What virtual reality can teach us about memoryApril 6, 2023 | By Anthony Venutolo
You see, Ma? Video games aren't a waste of time. At least not for the neuroscientists at Rockefeller University who are using them to learn quite a bit about the brain.
According to a study published in Cell last week, mice that played virtual reality video games helped researchers find the part of the brain that may decide which daily events get stored in our long-term memories. Even though there's still a lot to learn, scientists are sure that the rodents' “fun" activities have helped them find key memory-making processes and locations.
Before we conjure images of mice with fancy little VR headsets scurrying through the landscapes of "Myst," let's level set. The rodents ran on a rotating Styrofoam ball during their VR sessions, moving along a virtual hallway displayed on a screen in front of them. They encountered one of three real-world outcomes in the last room: unrestricted access to sugar water from a spout, a few drips of sugar water from the same spout, or a harmless puff of air.
“We structured the virtual reality tasks so that they required a lot of engagement from the mouse in order to start the trial, run through the mazes and get the rewards,” Josue Regalado, a co-leader of the study told Eurekalert. “The more explicit and cognitive the task, the more we’re able to look at how the different brain regions are engaged.”
Moving forward, the researchers said they want to find out whether or not the thalamus — the relay station of all incoming motor and sensory information in the brain — is involved in the process of deciding how well memories are retained by the body. In addition, scientists want to determine if the process of memory consolidation takes place over a brief period of time, or continually over the course of an individual's entire life.

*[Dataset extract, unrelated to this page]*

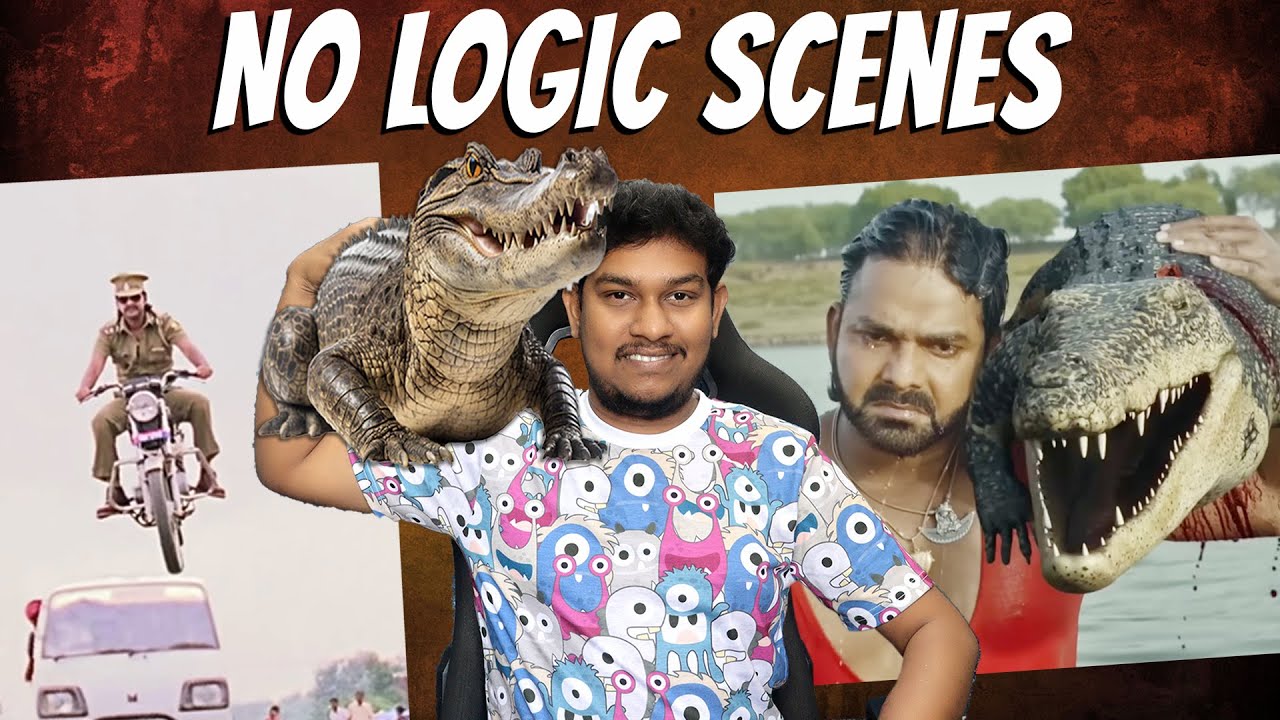 இதான்டா  மாஸ்🔥 Indian No Logic Movie Scene Troll🤣🤣  Bhojpuri Funny Scenes | Hindi | Tamil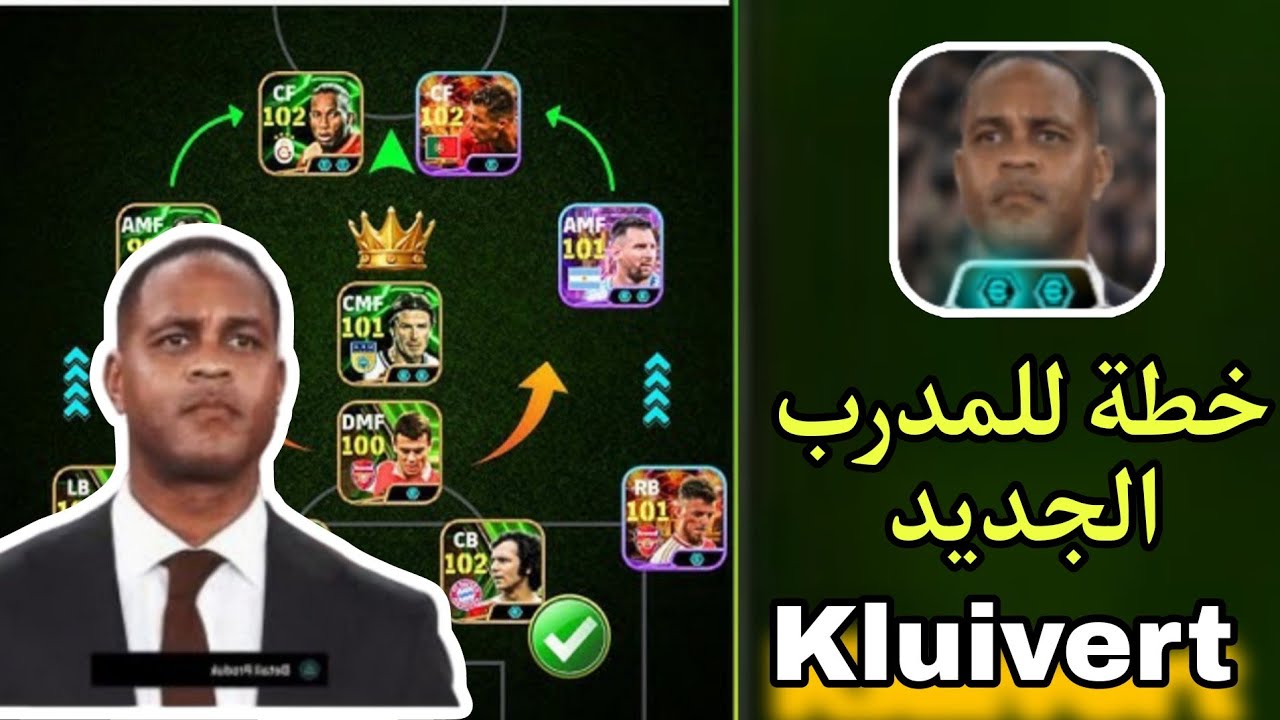 اقوى خطة للمدرب الجديد باتريك كلويفرت 🤯🔥في efootball 2025 مع شرح كامل للخطة واسلوب المدرب❤🔥!!!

There’s still much to learn, the study's senior author Priya Rajasethupathy told Eurekalert. “We think something like adrenaline or dopamine might be helping the thalamus to say, ‘Okay, this memory is important to me, that’s not as important.’ And we still don’t understand how punctuated or continuous the memory stabilization process is, whether it occurs in one or a few steps or evolves continuously over a lifetime.”
A car that repossesses itself?
Here's yet another job that tech may send to an early grave: The repo man. Ford applied for a patent with the United States Patent and Trademark Office for its technology that will, er, encourage people to pay their auto loans by remotely disabling components of the vehicle, including the engine, or even directing autonomous vehicles to drive themselves to a location where they could be towed. While the patent was filed back in 2021 and published in February, The Drive broke the news last month.
Delinquent drivers first could be inconvenienced by nagging notifications on owners' smartphones and dashboard panels, followed by the loss of functions such as cruise control, GPS or air conditioning.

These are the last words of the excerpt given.